As one of the most crucial electrochemical reactions, the oxygen reduction reaction (ORR) follows two possible pathways after the formation of the OOH* intermediate. However, the origin of the H2O2/H2O selectivity remains elusive. Herein, in this work, the grand canonical density functional theory (GC-DFT)-based fixed potential method was employed to investigate such discrepancy between experimental and theoretical results. The impact from solvent and applied potential conditions has been fully considered, with Pourbaix diagrams demonstrating the H-preoccupying state for the Fe1N4-graphene surface over the pH range of 0.0–14.0 under the cathodic negative potential of −1.23 V to −0.74 V vs standard hydrogen electrode.
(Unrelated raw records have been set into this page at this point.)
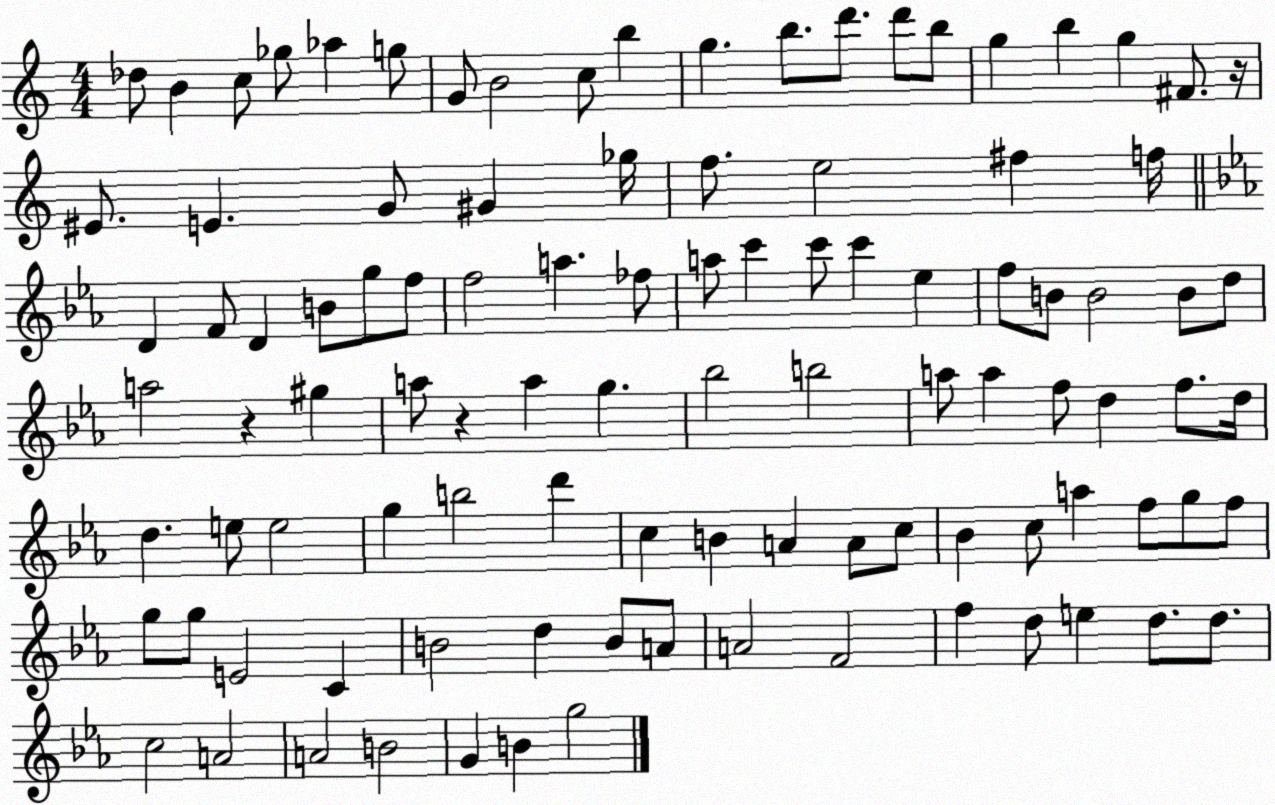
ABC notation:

X:1
T:Untitled
M:4/4
L:1/4
K:C
_d/2 B c/2 _g/2 _a g/2 G/2 B2 c/2 b g b/2 d'/2 d'/2 b/2 g b g ^F/2 z/4 ^E/2 E G/2 ^G _g/4 f/2 e2 ^f f/4 D F/2 D B/2 g/2 f/2 f2 a _f/2 a/2 c' c'/2 c' _e f/2 B/2 B2 B/2 d/2 a2 z ^g a/2 z a g _b2 b2 a/2 a f/2 d f/2 d/4 d e/2 e2 g b2 d' c B A A/2 c/2 _B c/2 a f/2 g/2 f/2 g/2 g/2 E2 C B2 d B/2 A/2 A2 F2 f d/2 e d/2 d/2 c2 A2 A2 B2 G B g2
Electronic structure analysis further demonstrates that additional H chemisorption on the Fe site donates electrons, leading to the occupation of the Fe-3dz2-β orbital and resulting in an Fe frontier orbital configuration of 4s03d7 with a valence state of +1. A proton-exchange mechanism for the *O1O2H intermediate transformation was proposed. Despite the thermodynamic preference for O1–O2H dissociation, kinetic barriers for protonation at the O1 site to form H2O2 are calculated to be 0.75–0.89 eV lower than those for H2O formation, with a rate constant 14 orders of magnitude higher. Bonding analysis reveals that the Fe–O bond primarily arises from interactions between the Fe-3dz2 orbital and the O-2pz orbital below the Fermi level, while the O–O bond in the OOH* adsorbate is formed through the hybridization of 2py–2py and 2py–2pz orbitals. The presence of H at the Fe site effectively weakens the Fe–O bond while strengthening the covalent O–O bond, thereby preventing *O1–O2H dissociation and promoting H2O2 selectivity. This work provides new insights into the ORR mechanism by explicitly incorporating solvent effects and applied potential considerations.